Gedicht gedacht

 Poëzie is alledaags in de zin dat het voor iedere dag is (Carol Ann Duffy)

Een sinds 2016 dagelijkse en vanaf 1 januari 2020 wekelijkse, maar daarna toch weer iets vakere rubriek met gedichten en gedachten daarover. Het levensmotto blijft: ik ben onderweg om mooie dingen aan te raken.

------

Voor wie een handvat zoekt:
Met de pijl rechts van ARCHIEF (zie onderaan deze pagina) ga je terug naar het vorige jaar;
met de pijl links naar het volgende. Handiger zijn deze links: daarmee ga je naar de 
inhoudsopgaven van 2024-1 (A t/m K) en 2024-2 (L t/m Z), 2023-1 (A t/m K) en 2023-2 (L t/m Z), 
2022-1 (A t/m K), 2022-2 (L t/m Z) 2021-1 (A t/m K), 2021-2 (L t/m Z), 2020-1 
(A t/m K), 2020-2 (L t/m Z), 2019, 20182017 en 2016.

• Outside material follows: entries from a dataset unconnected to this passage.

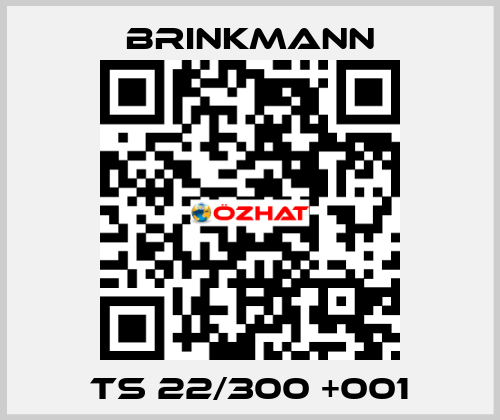 TS 22/300 +001 Brinkmann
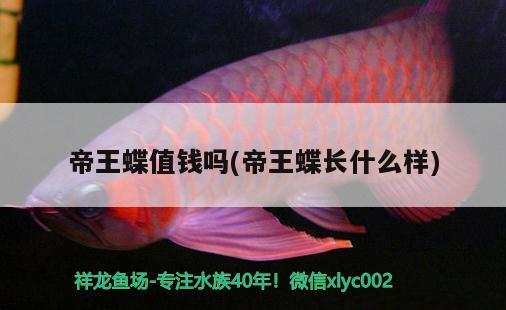 帝王蝶值錢嗎(帝王蝶長(zhǎng)什么樣) 觀賞魚(yú)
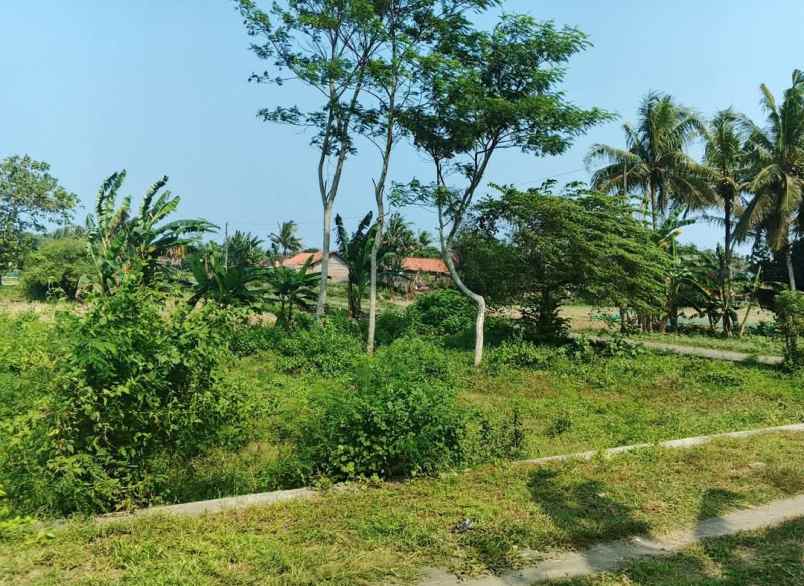 tanah strategis sekali murah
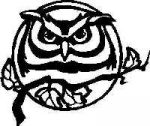 Owl Decal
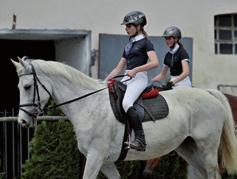 všestrannost Borová ZP spřežení Těšánky 16 17 CSIO La Baule Přemysl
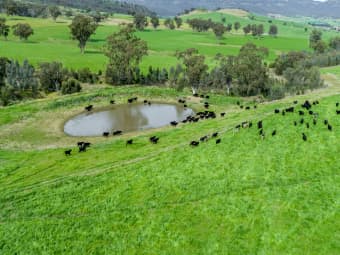 'Peberdy' Dalswinton Road, Dalswinton, NSW, 2328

Week 37 - Tom Lanoye: Lofzang op...

woensdag 19 september 2018

Lofzang op gedoemde jonge gasten

Welk klokgelui betaamt voor wie vergaan als dieren?
Alleen het monsterlijke woeden van mortieren.
Of neen, alleen de ratel van een mitraillette –
Geen mens raffelt zo schoon een laatste schietgebed.

Voor hen geen bel of toeters, krans of kerkhofblom.
Geen treurmuziek – tenzij stampij van die orkesten
Die slechts bestaan uit slagwerk van kartets en bom
En bugels, jankend over droevige gewesten.

Waar brandt hun kaars? De vlam die hun ten afscheid heet?
Niet in de hand van jonge broertjes. In hun ógen
Laat nooit het vuur dat hen gedenken zal zich doven.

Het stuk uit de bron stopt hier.